Exercise requirements ▸
Your answer must be a single number: how many lines in the records include the word "from".

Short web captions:
☆ ☆ ☆ ☆
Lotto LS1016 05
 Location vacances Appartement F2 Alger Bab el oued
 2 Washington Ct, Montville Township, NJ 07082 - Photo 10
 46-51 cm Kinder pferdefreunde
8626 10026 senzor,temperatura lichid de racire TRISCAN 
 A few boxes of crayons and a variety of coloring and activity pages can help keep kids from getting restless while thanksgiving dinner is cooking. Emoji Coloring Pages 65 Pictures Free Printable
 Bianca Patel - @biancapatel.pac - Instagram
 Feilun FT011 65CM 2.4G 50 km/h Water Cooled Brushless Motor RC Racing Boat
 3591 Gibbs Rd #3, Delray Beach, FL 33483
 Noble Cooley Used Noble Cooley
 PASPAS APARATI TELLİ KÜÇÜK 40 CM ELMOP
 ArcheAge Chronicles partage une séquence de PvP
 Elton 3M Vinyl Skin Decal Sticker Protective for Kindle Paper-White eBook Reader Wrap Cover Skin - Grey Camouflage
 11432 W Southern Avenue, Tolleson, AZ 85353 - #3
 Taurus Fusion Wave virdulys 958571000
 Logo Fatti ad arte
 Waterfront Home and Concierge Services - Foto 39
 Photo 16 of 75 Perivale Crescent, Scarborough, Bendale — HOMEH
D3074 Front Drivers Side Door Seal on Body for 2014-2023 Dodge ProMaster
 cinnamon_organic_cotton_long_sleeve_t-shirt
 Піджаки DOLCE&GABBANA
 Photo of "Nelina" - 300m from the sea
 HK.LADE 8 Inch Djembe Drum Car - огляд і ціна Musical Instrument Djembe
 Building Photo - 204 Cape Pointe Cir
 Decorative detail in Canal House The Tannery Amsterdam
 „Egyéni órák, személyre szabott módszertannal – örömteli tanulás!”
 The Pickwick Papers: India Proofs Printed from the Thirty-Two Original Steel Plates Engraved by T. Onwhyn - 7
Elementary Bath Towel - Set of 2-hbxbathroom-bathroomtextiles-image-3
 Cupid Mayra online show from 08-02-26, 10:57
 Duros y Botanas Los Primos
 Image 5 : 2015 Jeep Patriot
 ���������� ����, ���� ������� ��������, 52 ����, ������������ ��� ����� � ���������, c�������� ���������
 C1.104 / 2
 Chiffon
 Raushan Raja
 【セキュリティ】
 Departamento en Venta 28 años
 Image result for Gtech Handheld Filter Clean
☆ ☆ ☆ ☆
Answer for this exercise ▸
4